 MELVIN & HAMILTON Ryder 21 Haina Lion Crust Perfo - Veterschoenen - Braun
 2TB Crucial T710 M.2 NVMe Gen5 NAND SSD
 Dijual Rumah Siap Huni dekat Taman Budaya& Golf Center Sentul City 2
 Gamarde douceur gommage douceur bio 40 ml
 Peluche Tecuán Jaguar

---

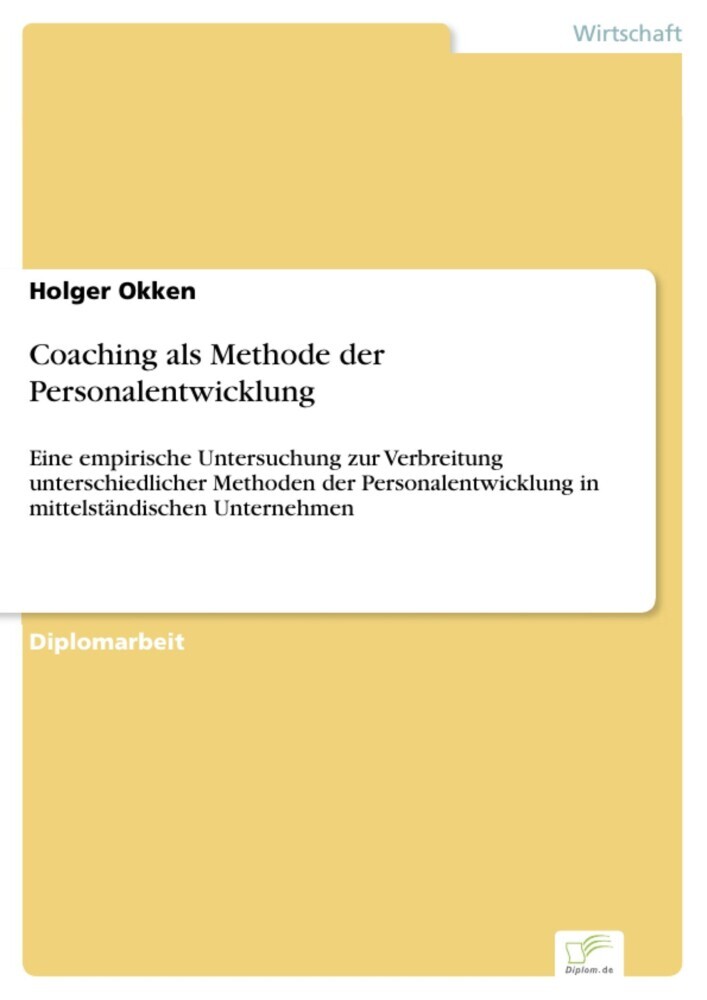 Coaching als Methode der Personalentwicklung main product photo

* * *

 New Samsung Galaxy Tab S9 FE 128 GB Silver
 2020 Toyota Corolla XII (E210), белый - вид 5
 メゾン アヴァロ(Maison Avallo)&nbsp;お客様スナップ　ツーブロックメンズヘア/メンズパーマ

Work instruction:
Starting at the line that has "MELVIN & HAMILTON" and ending at the line that has "Peluche Tecuán Jaguar", please write out the lines above exactly, leaving out all others.

Exercise output:
 MELVIN & HAMILTON Ryder 21 Haina Lion Crust Perfo - Veterschoenen - Braun
 2TB Crucial T710 M.2 NVMe Gen5 NAND SSD
 Dijual Rumah Siap Huni dekat Taman Budaya& Golf Center Sentul City 2
 Gamarde douceur gommage douceur bio 40 ml
 Peluche Tecuán Jaguar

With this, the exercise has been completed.